J&K Chief Minister Omar Abdullah speaks about the clampdown after the Afzal Guru hanging,militant attacks and why "no other chief minister is expected to tom-tom his Indian credentials as much as the CM of J&K".

Written by Maneesh Chhibber | Published: March 31, 2013 3:07:22 am

In this Idea Exchange,J&K Chief Minister Omar Abdullah speaks about the clampdown after the Afzal Guru hanging,militant attacks and why “no other chief minister is expected to tom-tom his Indian credentials as much as the CM of J&K”. This session was moderated by Senior Assistant Editor Maneesh Chhibber

Maneesh Chhibber: Tell us of your journey in the last four years as Chief Minister.

Omar Abdullah: There have been some very good days,there have been some difficult ones and my colleagues and I have tried to steer the state through the difficult ones as best as possible. Has it been good enough? Time will tell.

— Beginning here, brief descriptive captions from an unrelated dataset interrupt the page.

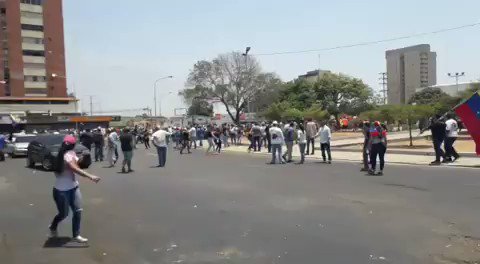 Maracaibo:  Reprimen a manifestantes que apoyan el retorno de la DEMOCRACIA en la Plaza La República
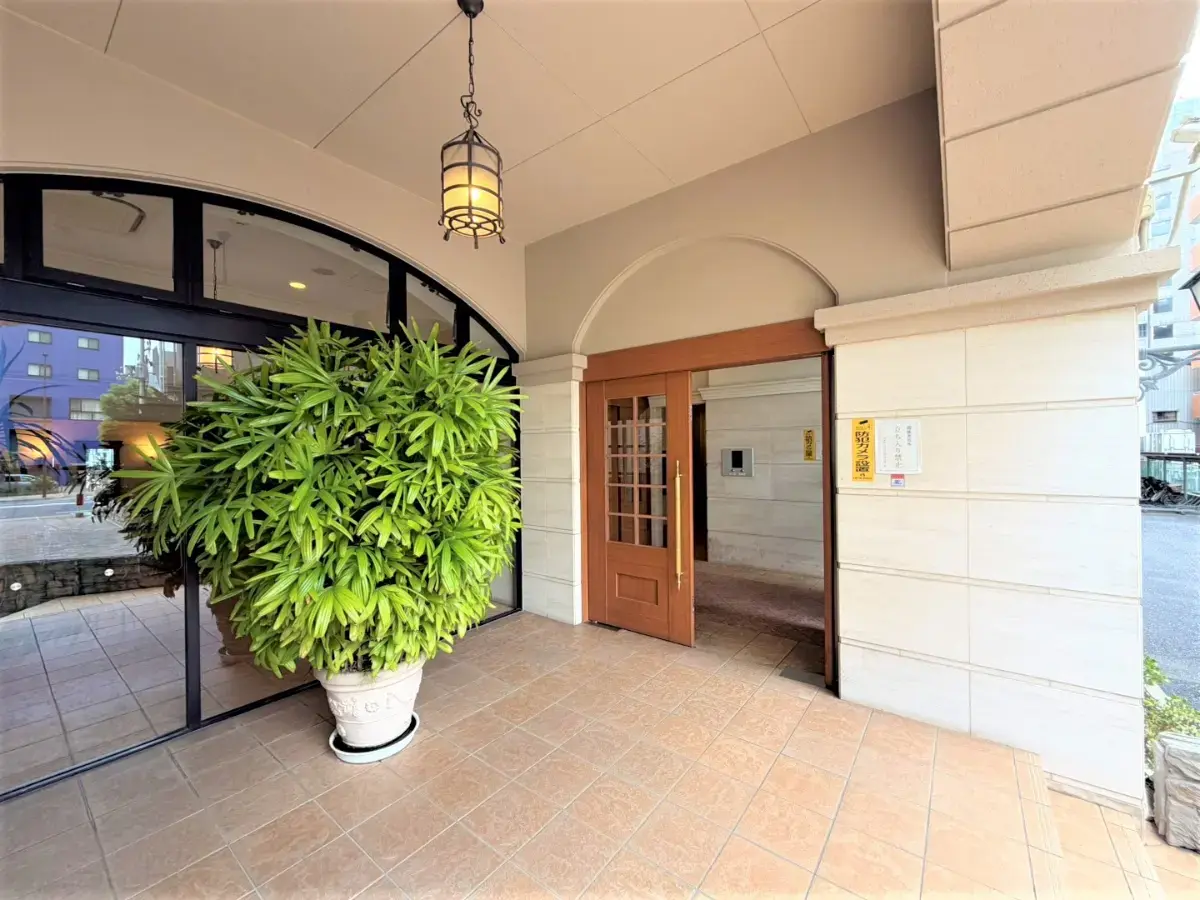 3 Beds Apartment for Sale in Kita-ku, Osaka-shi, Osaka - Japan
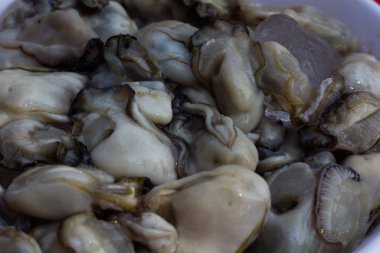 Kuzu istiridyesi, sonra da yemeye hazır bir istiridyenin içine konur..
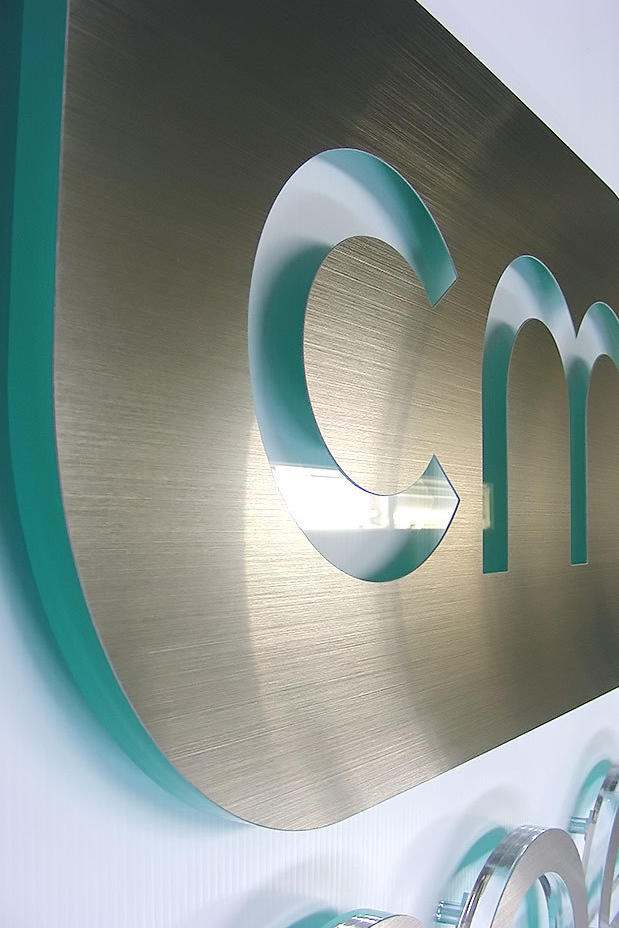 Dariusz Dawidczyk, Adas Dawidczyk and Tadeusz Dawidczyk are watching very carefully the signs and 3d sign mrket to provide your company with the best possible look for your office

D K Singh: What has your experience been with your coalition partner? Will you go with the same alliance into the next general elections?

Omar Abdullah: Ours was not a pre-poll coalition,it was a post-poll coalition. The National Conference Working Committee has co-authorised the party president to talk to the Congress and take a decision. There is no clear indicator one way or the other. Also,it’s not a decision the NC can take unilaterally. It is equally a question for the Congress. Unlike other states where alliances are more or less pre-determined because of party politics,in J&K,the Congress has the option of choosing between two regional parties… So,will that be a factor,time alone will tell.

Y P Rajesh: Looking from the outside,the Valley seems to suffer from a perpetual victimhood complex. People react very strongly as they did after the Afzal Guru hanging and with the CRPF killing incident.

Omar Abdullah: If you have lived through what the Valley has lived through for the last 25 years,you would have a victimhood syndrome as well. Life has not been easy for the average Kashmiri. A simple example: for many years,the decision to wear a watch or not was a life and death question. The militants dictated that you set your watch to Pakistan Standard Time. Indian security forces said,set your watch to Indian Standard Time… Has the time come to shake that (sense of victimhood) off? Yes. The situation is no longer what it used to be. There is a sea change between the early 1990s,early 2000 and now. But even if Kashmiris wanted to stop feeling like victims,enough political leaders will reinforce that feeling because their politics thrive on it. We have tried to give people a sense that greater normality is in their interest. And I don’t think it’s ever been done as effectively as it was done last year. There is less appetite for public protest today in Kashmir,largely on account of an agitational fatigue because they saw nothing come out of it in 2008,2009 and 2010. Also,they have seen in the last year how much their lives can change for the better in terms of livelihood,children’s education,etc.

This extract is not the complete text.